Incidence and etiologic factors of premature ovarian insufficiency. Register-based nationwide study.
Thesis event information
Date and time of the thesis defence
Place of the thesis defence
Auditorium 4, Oulu University Hospital
Topic of the dissertation
Incidence and etiologic factors of premature ovarian insufficiency. Register-based nationwide study.
Doctoral candidate
Medical Doctor Heidi Silvén
Faculty and unit
University of Oulu Graduate School, Faculty of Medicine, Research Unit of Clinical Medicine
Subject of study
Obstetrics and gynecology
Opponent
professor Angelica Lindén Hirschberg, Karolinska University Hospital, Stockholm, Sweden
Custos
docent Maarit Niinimäki, Oulu University Hospilta, University of Oulu
Premature ovarian insufficiency is associated with a significant familial risk.
Premature ovarian insufficiency (POI) is the cessation of ovarian function before the age of 40. The underlying factors of POI can include hereditary syndromes, previous cancer treatments, autoimmune diseases, and ovarian removal, but for the majority of patients, the cause remains unknown. POI causes infertility and predisposes individuals to several diseases such as osteoporosis and cardiovascular diseases. Symptoms and morbidity can be reduced by hormone replacement therapy. Previous studies indicate that POI affects approximately one percent of the female population, but further information on changes in the incidence of POI, underlying factors, and the risk of relatives contracting the condition is needed.

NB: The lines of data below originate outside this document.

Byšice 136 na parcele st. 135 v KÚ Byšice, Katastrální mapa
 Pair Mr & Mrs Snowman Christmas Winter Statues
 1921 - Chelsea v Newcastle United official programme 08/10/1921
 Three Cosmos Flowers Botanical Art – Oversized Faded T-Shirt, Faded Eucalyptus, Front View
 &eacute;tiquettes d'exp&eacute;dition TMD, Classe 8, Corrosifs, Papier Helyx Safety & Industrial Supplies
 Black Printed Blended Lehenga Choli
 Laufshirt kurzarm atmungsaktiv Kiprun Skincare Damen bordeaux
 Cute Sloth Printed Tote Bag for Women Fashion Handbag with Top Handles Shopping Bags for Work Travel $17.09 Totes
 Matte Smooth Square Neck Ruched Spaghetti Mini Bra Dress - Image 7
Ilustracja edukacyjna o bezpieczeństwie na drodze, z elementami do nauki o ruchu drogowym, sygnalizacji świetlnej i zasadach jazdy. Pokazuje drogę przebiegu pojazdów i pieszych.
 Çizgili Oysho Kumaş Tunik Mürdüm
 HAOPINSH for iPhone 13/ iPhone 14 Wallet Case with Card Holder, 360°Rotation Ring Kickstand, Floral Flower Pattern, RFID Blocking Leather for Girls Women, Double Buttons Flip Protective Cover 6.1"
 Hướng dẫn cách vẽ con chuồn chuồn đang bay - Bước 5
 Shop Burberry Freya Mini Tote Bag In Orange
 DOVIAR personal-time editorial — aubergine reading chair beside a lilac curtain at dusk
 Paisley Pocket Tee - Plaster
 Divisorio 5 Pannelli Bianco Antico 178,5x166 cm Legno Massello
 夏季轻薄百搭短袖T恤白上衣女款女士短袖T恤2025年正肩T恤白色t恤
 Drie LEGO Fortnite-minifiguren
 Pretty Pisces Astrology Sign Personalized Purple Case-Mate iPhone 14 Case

In this doctoral thesis research, we investigated data of all women diagnosed with POI in Finland from 1988 to 2017 using national health registers. Diagnosed women were identified based on the reimbursement code from the Social Insurance Institution of Finland (Kela). The study included 5011 women with POI and four controls for each of them.
The study found that first-degree relatives (sisters, daughters) of women with POI had about a 4.5 times higher risk of developing POI compared to women whose relatives were not diagnosed with POI. The cumulative incidence of POI by the age of 40 was 0.5%.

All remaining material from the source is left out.